Hundreds of thousands of children in the UK are brought up by family members who are not their parents. These ‘kinship carers’ - overwhelmingly women - save the taxpayers billions, but with little support from social services often endure poverty, ill-health and isolation.

Angela Neustatter
16 May 2014

Lily, aged 52, tells how the tranquil life she had settled into once her three children left home and she reduced work to part-time was dramatically changed when she took on her nine-year-old granddaughter and became a kinship carer.

 ‘My own daughter, Eliza, was 17 when she had Susie. She was living with a violent boyfriend and they were heavily involved in drugs. She lost her home and ended up in a refuge, then descended further into drugs and alcohol abuse, living with a man who had never worked and had a history of violence.

‘Susie was likely to be taken into care  and I didn’t want that. After all she had been through she needed family I thought. So I brought her to live with me. That was six years ago and she is still with me.’

Some 300,000 children in the UK are being brought up by kinship carers - primarily grandparents though they may be other family members. Many of these children have been neglected, abused or suffered the death or serious illness of a parent. Almost half have special needs or a disability. In other words, these are an exceptionally challenging bunch, victims of the tough lot life has thrown at them.

Sam Smethers, CEO at the charity Grandparents’ Plus which is currently running a campaign for the rights of kinship carers, says: ‘What you have is an unsung and undervalued population who take on children because they cannot bear to see them suffer and do not want them taken into care.‘

Just over two-thirds (67 per cent) of these children are abandoned by parents who are affected by alcohol or drug misuse, including nearly a quarter (24 per cent) who are misusing both. So the decision to take on a child is frequently done because the grandparents want to keep the child within the family. For example, there have been babies dumped on doorsteps with no nappies or food; children filthy and hungry, phoning a grandparent in desperation to ask if they may live with them.  In some cases the parent is sent to prison at a court hearing and has made no provision for the child.

A major study, The Poor Relations: Children and Informal Kinship Carers Speak Out  published a year ago by leading children’s grant-giving charity, Buttle UK and the University of Bristol, provided the most comprehensive picture to date across the UK of informal kinship care - children cared for by relatives and friends because their parents are no longer able to look after them. More than three-quarters of children had been abused or neglected and more than a third had experienced the death of one or both parents. Exposure to domestic violence and parental mental illness was also common.

The poorest of all informal carers are the brothers and sisters who are obliged to bring up 38 per cent of all kinship-cared-for children in the UK.

By taking on these desperately needy children and striving to give them a family home, kinship carers save the state some £12 billion annually, according to Grandparents Plus. That is the kind of sum that those at the other end of the economic scale are permitted to put offshore as a way of avoiding tax, a fact that seems spectacularly wrong set against the fact that informal kinship carers frequently have no right to funding for the children.

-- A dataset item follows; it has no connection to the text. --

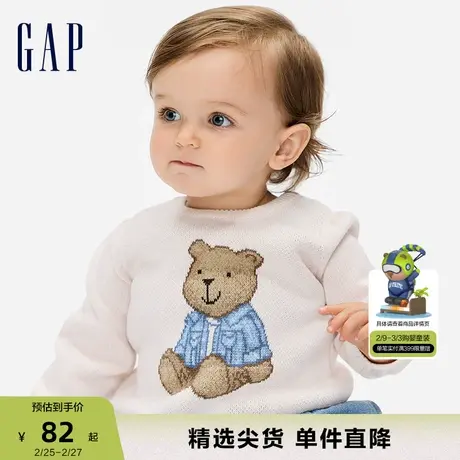 Gap婴儿春秋纯棉布莱纳熊提花针织衫儿童装洋气微弹毛衣742884商品大图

Hardship, sacrifice, isolation

It is not hard to imagine the financial burden incurred by taking on a child, possibly for years. As well as the direct costs, the carers will frequently find they cannot cope with the competing demands of a job and the needs of a child who most probably has been through a damagingly traumatic time. Grandparents Plus research shows that almost half of carers previously working gave up their job when the child moved in, though 83 per cent had wanted to stay in work. These informal kinship carers, of whom half (51 per cent) are lone carers, have foregone retirement and given up their jobs and their freedom. The young carers miss out on further education and job training and are the poorest of all. More than half of the carers (60%) had to manage difficult contact with the children’s parents’ according to The Poor Relations report.

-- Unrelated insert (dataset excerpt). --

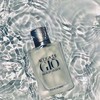 ARMANI 阿玛尼 寄情男士香水（经典版）100ml 商品缩略图2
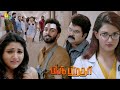 Mirna Menon S Back To Back Scenes Big Brother Tamil Dubbed Movie Scenes Mohanlal Honey Rose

Unsurprisingly poverty is all too often the result and the Buttle report gives an authoritative account of the financial hardship, sacrifice, isolation and the cost to health of the relatives bringing up children across the UK.

 You hear the anger at this in the words of a grandmother bringing up her 14-year-old grandchild: ‘Successive governments have never ever wanted to acknowledge this underclass of caring that is going on. I can't tell you how hard it's been ... and the eternal phrase “But this is a private arrangement”.’

The Family Rights Group which, along with Grandparents Plus, campaigns for change, produced a report It’s Just Not Fair that explained what a Cinderella group kinship carers are: ‘They suffer from two disadvantages. There is no statutory framework for support nor the safety net provided by court proceedings.‘ Sometimes, but by no means certainly, a small amount of support can be provided through services set up for children in need. Even this, the Buttle report suggests, is far from the norm. Indeed, those who had only ever cared informally identified unmet needs for support and a higher number of unmet needs than any other group.

The situation is strikingly different for carers with foster status, and kinship carers who gain foster care status through the courts. In these cases, reports the Family Rights Group, ‘‘Support for kinship foster-care arrangements is more likely to be equivalent to that available to mainstream foster carers.” Nonetheless, what kindred foster parents get is at the discretion of the local authority and not all have policies that cover it adequately.

This raises the question of why informal carers do not always apply for kindred foster-parent status themselves. 

One reason they may be reluctant to go to court and argue for fostering status is fear that they will fail and the child be taken away, explains Sam Smethers. And some social workers may feel they themselves would be vulnerable if they left children with an unregulated person, even though the carer is family and may have had a relationship with the child since birth.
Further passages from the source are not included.